Chart Types

Tags intermediate reference visualization

BenchBox provides chart types optimized for benchmarking narratives, rendered as ASCII art directly in the terminal. Each chart is designed for a specific analytical purpose and can be generated via benchbox visualize or programmatically through the Python API. No external dependencies are required.

Performance Bar Chart

Purpose: Compare execution times across platforms, runs, or configurations. The most common chart for “which platform is fastest?” questions.

Key Features:

  • Automatic best/worst highlighting (green for fastest, red for slowest)

  • Fractional-block precision (Unicode ▏▎▍▌▋▊▉█ characters)

  • Automatic sorting by performance (configurable)

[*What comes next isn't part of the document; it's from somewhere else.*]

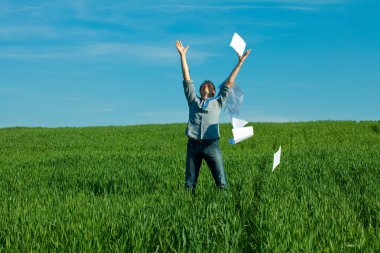 Young man throwing a paper in the green field clipart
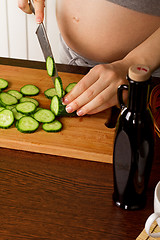 Image showing pregnant woman on kitchen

  • Platform labels with execution time annotations

Performance Comparison (ms)
──────────────────────────────────────────────────────────
DuckDB      ██████████████████                      142.3
Polars      ████████████                             98.7
SQLite      ████████████████████████████████████     285.1
Pandas      ██████████████████████████████████████   320.5

Legend: ■ Best  ■ Worst

TPC-H SF1 comparison across 4 platforms showing Polars as fastest (green) and Pandas as slowest (red)

Data Requirements:

  • total_time_ms or avg_time_ms per result

  • At least 1 result (multiple for comparison)

Best For:

  • Platform shootouts (“DuckDB vs Snowflake”)

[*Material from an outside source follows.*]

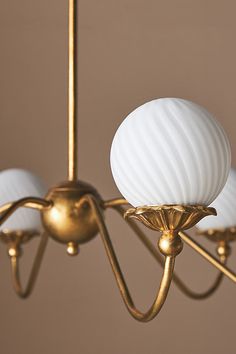 a chandelier with three white lamps hanging from it's arms and two gold fixtures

  • Before/after optimization comparisons

  • Multi-benchmark summaries


Power@Size Bar Chart

Purpose: Compare TPC Power@Size scores across platforms or versions. Power@Size is a TPC-defined throughput metric expressed in queries-per-hour at a given scale factor - higher is better.

Key Features:

  • Automatic best/worst highlighting (highest score = green, lowest = red)

  • Longer bars indicate better throughput performance (inverted vs execution time)

  • Silently excluded for non-TPC benchmarks (no Power@Size in result)

Power@Size Comparison (Power@Size)
──────────────────────────────────────────────────────────
DuckDB 1.5.0-dev ███████████████████████████████████████   669.3K
DuckDB 1.4.4     ██████████████████████████████████████    630.9K
DuckDB 1.3.2     ███████████████████████████████████████   614.9K
DuckDB 1.1.3     ██████████████████████████████████████    594.7K
DuckDB 1.2.2     ███████████████████████████████████       500.5K
DuckDB 1.0.0     ▓▓▓▓▓▓▓▓▓▓▓▓▓▓▓▓▓▓▓▓▓▓▓▓▓               385.8K

TPC-DS SF=10 version comparison showing Power@Size progression from v1.0.0 to v1.5.0-dev

Data Requirements:

  • summary.tpc_metrics.power_at_size in result JSON (present in TPC-H and TPC-DS runs)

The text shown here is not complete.